Public monument in Atlanta

The Sidney Lanier Monument is a public monument in Atlanta, Georgia, United States. Located in Piedmont Park, the monument consists of a bust of Sidney Lanier, a notable poet from Georgia. The monument was dedicated in 1914.

== History ==
Sidney Lanier was a poet from Georgia who was born in Macon in 1842. After graduating from Oglethorpe University in 1860, he served as a private in the Confederate States Army during the American Civil War. Following the war, Lanier, an accomplished flutist, played for the Peabody Symphony Orchestra in Baltimore and published some of his most famous poems, such as "The Marshes of Glynn". Lanier died at the ripe age of 39 due to tuberculosis he had contracted while he was a prisoner of war. After his death, he was honored with numerous memorials, such as in the name of Lanier County, Georgia and Lake Lanier.

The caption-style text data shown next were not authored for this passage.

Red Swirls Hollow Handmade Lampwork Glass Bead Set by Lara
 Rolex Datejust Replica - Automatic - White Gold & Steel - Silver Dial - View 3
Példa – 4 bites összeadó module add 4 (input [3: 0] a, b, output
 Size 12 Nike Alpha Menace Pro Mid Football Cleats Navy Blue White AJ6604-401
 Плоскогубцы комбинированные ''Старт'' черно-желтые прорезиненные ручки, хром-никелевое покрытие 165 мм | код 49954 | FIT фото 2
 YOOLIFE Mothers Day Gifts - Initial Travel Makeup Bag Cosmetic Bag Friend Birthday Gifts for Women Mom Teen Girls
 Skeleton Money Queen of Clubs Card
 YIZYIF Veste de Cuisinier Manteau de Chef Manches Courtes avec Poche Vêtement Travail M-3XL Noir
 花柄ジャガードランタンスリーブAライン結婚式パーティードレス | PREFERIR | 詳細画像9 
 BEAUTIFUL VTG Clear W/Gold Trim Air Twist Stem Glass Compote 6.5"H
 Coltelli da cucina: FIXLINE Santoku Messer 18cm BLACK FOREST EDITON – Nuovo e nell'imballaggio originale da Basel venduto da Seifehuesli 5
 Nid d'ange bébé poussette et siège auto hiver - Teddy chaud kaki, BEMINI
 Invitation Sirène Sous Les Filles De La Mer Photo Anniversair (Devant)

The monument was erected in 1914 by the Piedmont Park Association. Sue Harper Mims, the wife of Atlanta Mayor Livingston Mims, funded the monument's creation and erection, having sold some of her jewels to raise the money. The monument was designed by Carrère and Hastings while the bust of Lanier was designed by Edward Clark Potter. Following the monument's dedication, it became the subject of numerous acts of vandalism in the following years, with a popular college prank among students in Atlanta being to remove the bust from the monument. The bust was eventually removed and relocated to Oglethorpe University in 1985.

In February 2012, a replica of the original bust was installed on the monument. The restoration, which took two years, was led by the Atlanta Preservation Center, with the newly restored monument debuted on February 4. According to The Atlanta Journal-Constitution, the committee behind the restoration decided that the monument was not a Confederate monument, and therefore recommended keeping it in place. However, given his association with the Confederate States of America, numerous discussions of the monument are in the context of other Confederate monuments, including in a report issued by the Atlanta History Center to the government of Atlanta on Confederate monuments and memorials in the city.

== Design ==
The monument is designed in the form of an Egyptian stele, with a recessed area in the front of the monument holding a bust of Lanier. The bust faces west.